[What you will do] Keep the images out while you set down the data exactly.

[Input data]
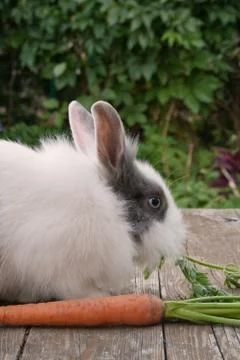 Little rabbit Stock Photos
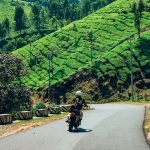 The Lost Tusk-Kerela-uae-dubai (8)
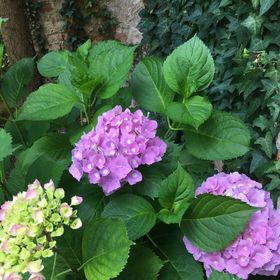 Gábriel Apartman 4 Kőszeg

[Written response]
 Little rabbit Stock Photos
 The Lost Tusk-Kerela-uae-dubai (8)
 Gábriel Apartman 4 Kőszeg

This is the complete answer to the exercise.